PPS: I’m really sick of how every post about stuff like this – discrimination or disenfranchisement in comics, and people vehemently defending it – turns into the same exact argument in the comments. Since Sauceome is pretty personal stuff, I’ve always moderated the comments with the passion of an insecure totalitarian dictator, and this post will be no exception.
This past Saturday, I biked down to the Adventure School for Ladies, and did a critique with the students there. The work was amazing, the students were incredible, I had a great time.
But it was a 15 minute bike ride, and the temperature was around 90, (note: my parents live in south Texas, and Niles’s parents live in Arizona, and I’m sure they’d chuckle at me describing 90 degrees as impossibly hot) and by the time I got home I was just about ruined. I’m typing this on Sunday and I still have a headache. The sun does not like me. I burn, I get heatstroke, I have such a low tolerance for hot weather. Fortunately, these awesome summer beers make it better. Which is a good thing, since it’s definitely too hot to be drinking the heavy, high gravity stouts and porters that I love so much.
On Tuesday, we went down to Roots Pizza in Ukrainian Village. “They make Quad Cities Style Pizza,” Niles said. I was – forgive me, QC-ers – only vaguely aware of where the Quad Cities are, and which cities comprise them, and I certainly didn’t know they have their own style of pizza. If Roots Pizza is as authentic as it claims, Quad City style pizza is excellent. The crust is mild and sweet, and really the perfect combination of crisp and chewy. It’s thin, but not as drastically thin as St. Louis style pizza (which, don’t get me started, I love St. Louis but I’m pretty sure St. Louis style pizza is an elaborate practical joke). The sauce is spicy and salty enough to create a nice counterpoint to the sweeter crust, and it’s thin enough to not be overwhelming. The cheese – well, there’s a lot of cheese, which I normally don’t care for – but the cheese on the pizza we had was really good quality mozzarella, it was melty and tasty, and not at all greasy or oily. The square cut pieces are nice, and each slice is connected to the crust (unlike Chicago square-cut pizza).
All in all, it’s an extraordinarily well-balanced mix of flavors and textures, I was really impressed. Go QCP!
I got glasses! I have always kind of wished to have glasses – as a person with pretty decent vision up til now, they were a fancy accessory that I was not allowed to wear. And now my eyesight, after years of computer work and drawing, is finally bad enough to need them! Yay?
I have this tendency to pick up a crazy article of clothing in a thrift store and sort of chuckle about how CRAZY it is, and put it back on the rack – only to return in five minutes having decided I MUST HAVE IT. That’s what these glasses were like. They’re a little cartoonish, and the first time I tried them on I chuckled at them, and moved on. And then tried them on again, and again, until I had to admit to myself that I was secretly in love with them.

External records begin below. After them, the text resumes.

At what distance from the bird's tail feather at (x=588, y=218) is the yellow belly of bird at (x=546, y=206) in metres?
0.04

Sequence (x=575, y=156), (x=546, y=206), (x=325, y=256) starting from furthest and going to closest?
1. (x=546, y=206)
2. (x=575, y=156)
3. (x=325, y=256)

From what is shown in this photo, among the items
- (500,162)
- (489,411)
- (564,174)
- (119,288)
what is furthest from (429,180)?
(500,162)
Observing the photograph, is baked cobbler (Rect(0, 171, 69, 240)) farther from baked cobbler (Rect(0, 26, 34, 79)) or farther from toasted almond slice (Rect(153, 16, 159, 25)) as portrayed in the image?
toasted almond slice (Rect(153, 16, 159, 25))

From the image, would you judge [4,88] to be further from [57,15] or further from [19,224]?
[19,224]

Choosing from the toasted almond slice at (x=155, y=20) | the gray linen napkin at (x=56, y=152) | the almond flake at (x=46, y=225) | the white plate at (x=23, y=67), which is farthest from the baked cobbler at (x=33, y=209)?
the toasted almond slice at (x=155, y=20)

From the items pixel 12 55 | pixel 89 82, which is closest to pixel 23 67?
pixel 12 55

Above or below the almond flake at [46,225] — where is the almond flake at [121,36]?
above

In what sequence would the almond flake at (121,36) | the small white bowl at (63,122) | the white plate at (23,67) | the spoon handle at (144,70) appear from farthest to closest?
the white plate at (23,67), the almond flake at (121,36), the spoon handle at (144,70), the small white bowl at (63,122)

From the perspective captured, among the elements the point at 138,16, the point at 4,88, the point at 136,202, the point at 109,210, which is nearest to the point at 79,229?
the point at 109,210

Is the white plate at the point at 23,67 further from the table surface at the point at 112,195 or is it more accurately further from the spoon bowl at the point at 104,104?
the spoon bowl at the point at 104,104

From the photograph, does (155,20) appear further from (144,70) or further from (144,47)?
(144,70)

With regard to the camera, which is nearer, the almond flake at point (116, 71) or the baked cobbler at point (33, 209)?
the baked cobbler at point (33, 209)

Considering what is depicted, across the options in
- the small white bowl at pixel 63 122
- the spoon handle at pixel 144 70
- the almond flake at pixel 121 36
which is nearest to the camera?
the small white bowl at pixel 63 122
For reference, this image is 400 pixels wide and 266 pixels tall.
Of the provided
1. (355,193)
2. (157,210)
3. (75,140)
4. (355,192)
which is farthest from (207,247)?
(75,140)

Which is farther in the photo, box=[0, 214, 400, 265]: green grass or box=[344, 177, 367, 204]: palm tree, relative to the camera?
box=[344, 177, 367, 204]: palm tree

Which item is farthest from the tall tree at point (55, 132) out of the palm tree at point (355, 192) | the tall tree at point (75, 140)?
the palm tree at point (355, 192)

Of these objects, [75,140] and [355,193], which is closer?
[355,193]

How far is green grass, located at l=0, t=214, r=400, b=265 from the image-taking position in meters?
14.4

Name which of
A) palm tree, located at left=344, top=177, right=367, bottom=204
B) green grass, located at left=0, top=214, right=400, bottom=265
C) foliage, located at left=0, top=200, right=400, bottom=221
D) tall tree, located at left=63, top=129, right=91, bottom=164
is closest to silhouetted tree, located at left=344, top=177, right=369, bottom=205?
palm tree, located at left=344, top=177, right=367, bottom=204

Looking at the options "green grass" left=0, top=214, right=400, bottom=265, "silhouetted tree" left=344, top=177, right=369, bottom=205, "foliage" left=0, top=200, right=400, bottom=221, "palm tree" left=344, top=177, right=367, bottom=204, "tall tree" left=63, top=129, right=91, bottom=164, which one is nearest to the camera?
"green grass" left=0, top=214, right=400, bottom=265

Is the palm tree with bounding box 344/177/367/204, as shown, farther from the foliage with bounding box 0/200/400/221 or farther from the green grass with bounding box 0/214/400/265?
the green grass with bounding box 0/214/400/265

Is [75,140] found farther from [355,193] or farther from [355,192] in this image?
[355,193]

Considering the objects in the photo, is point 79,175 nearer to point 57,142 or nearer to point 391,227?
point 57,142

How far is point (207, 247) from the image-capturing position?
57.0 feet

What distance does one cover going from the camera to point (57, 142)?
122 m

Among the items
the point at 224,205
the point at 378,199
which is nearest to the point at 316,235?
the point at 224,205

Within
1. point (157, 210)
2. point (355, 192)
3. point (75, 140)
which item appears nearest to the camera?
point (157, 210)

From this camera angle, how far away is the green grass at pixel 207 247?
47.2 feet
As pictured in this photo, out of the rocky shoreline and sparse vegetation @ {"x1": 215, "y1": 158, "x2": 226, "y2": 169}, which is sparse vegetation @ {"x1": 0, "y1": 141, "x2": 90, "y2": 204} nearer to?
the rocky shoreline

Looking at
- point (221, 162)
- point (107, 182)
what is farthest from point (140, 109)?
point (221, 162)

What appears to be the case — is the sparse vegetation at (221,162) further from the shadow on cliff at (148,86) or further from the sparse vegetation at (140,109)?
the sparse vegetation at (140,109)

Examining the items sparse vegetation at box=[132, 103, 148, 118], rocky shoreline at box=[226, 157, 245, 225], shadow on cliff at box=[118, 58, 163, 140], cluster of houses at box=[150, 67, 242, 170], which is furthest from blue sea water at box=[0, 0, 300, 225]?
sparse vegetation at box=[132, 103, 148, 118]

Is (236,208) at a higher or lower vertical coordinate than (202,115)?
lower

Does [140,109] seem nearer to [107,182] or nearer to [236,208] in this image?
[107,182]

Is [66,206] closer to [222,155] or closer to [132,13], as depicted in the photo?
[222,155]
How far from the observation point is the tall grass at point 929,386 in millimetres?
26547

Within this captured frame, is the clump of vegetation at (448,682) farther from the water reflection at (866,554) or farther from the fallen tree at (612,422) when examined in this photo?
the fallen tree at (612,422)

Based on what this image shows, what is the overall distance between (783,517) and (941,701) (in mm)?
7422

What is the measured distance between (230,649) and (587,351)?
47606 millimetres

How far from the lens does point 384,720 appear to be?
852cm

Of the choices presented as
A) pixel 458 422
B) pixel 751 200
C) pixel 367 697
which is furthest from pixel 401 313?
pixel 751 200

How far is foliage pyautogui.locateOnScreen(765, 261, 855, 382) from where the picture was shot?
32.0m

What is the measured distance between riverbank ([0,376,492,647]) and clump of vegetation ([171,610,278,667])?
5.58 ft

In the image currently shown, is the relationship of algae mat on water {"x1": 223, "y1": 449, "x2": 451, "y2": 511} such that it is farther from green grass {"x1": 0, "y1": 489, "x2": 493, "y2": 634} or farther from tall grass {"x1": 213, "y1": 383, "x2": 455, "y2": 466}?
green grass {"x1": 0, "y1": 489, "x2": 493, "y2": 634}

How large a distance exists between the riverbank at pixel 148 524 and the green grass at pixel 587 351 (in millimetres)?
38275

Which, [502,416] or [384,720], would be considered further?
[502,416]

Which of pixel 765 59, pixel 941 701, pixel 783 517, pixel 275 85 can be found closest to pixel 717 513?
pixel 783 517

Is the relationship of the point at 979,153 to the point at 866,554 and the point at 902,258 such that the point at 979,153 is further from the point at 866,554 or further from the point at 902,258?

And then of course later that week I caught a glimpse of myself in a mirror and immediately questioned my judgement, and spent an afternoon convinced they were stupid and they made me look stupid, until I ran into Randi on my way home and she told me how great they were.
When I first got my nose pierced, ages ago, I went around showing it off to people. A lot of people – too many people – were convinced that it wasn’t new, and that I had had it all along, which led me to conclude that it was less “my new piercing” and more “that thing that was missing from my face”. Enough people have reacted the same way to my glasses – they’re SURE they’ve seen me in glasses before, are you sure this pair is even new? – that I’m starting to think of my glasses the same way. They’re not my new glasses – they’re just the thing that was missing from my face before.